Nie żyje żona Przemysława Babiarza
W mediach społecznościowych pojawiło się oficjalne oświadczenie samorządu, które podkreśliło, że dziennikarz jest Honorowym Obywatelem Miasta Przemyśla. W przekazie czytamy: „Panu Przemysławowi Babiarzowi wybitnemu dziennikarzowi i Honorowemu Obywatelowi Miasta Przemyśla wyrazy głębokiego współczucia oraz wsparcia w niezwykle trudnych chwilach po stracie Żony składają Prezydent Miasta Przemyśla Wojciech Bakun oraz Przewodniczący Rady Miejskiej w Przemyślu Marcin Kowalski”. Informacje te pojawiły się równolegle z przekazami mediów, co potwierdziło skalę poruszenia, jakie wywołała śmierć Marzeny Babiarz.
Zmagania z chorobą
W jednym z wcześniejszych wystąpień publicznych Przemysław Babiarz wspominał o poważnych problemach zdrowotnych swojej żony.

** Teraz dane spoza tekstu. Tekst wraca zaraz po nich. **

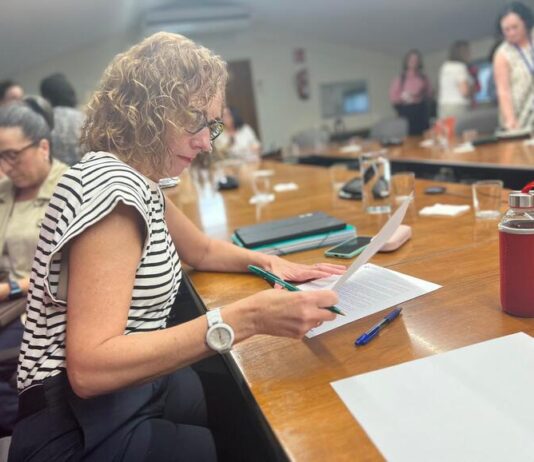 Pacto entre Osakidetza y los sindicatos para lanzar las listas de Enfermería Pediátrica y calendarizar el resto del año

Rok wcześniej w trakcie „VIII Męskiego Oblężenia Jasnej Góry” mówił: „Choroba najpierw dotknęła mnie, a teraz dotyka moją żonę. Jednak wierzę, że przejdziemy przez to mocniejsi. Jesteśmy tacy dzięki obecności Pana Boga w naszym życiu”. Publiczne słowa o pogarszającym się stanie zdrowia były jednym z nielicznych momentów, kiedy dziennikarz odnosił się do sytuacji rodzinnej. Informacje podawane przez media wskazują, że Marzena Babiarz chorowała od dłuższego czasu.
Wspólne życie i wieloletnia relacja
Para poznała się na początku lat dziewięćdziesiątych podczas targów spożywczych, gdzie dziennikarz prowadził konferansjerkę, a Marzena Babiarz obsługiwała jedno ze stanowisk. Po roku znajomości zdecydowali się na ślub i pozostali razem przez ponad trzydzieści lat. W doniesieniach medialnych przypomina się, że ich relacja była opisywana jako wieloletnie, trwałe partnerstwo, oparte na wspólnym wsparciu i obecności w najtrudniejszych momentach.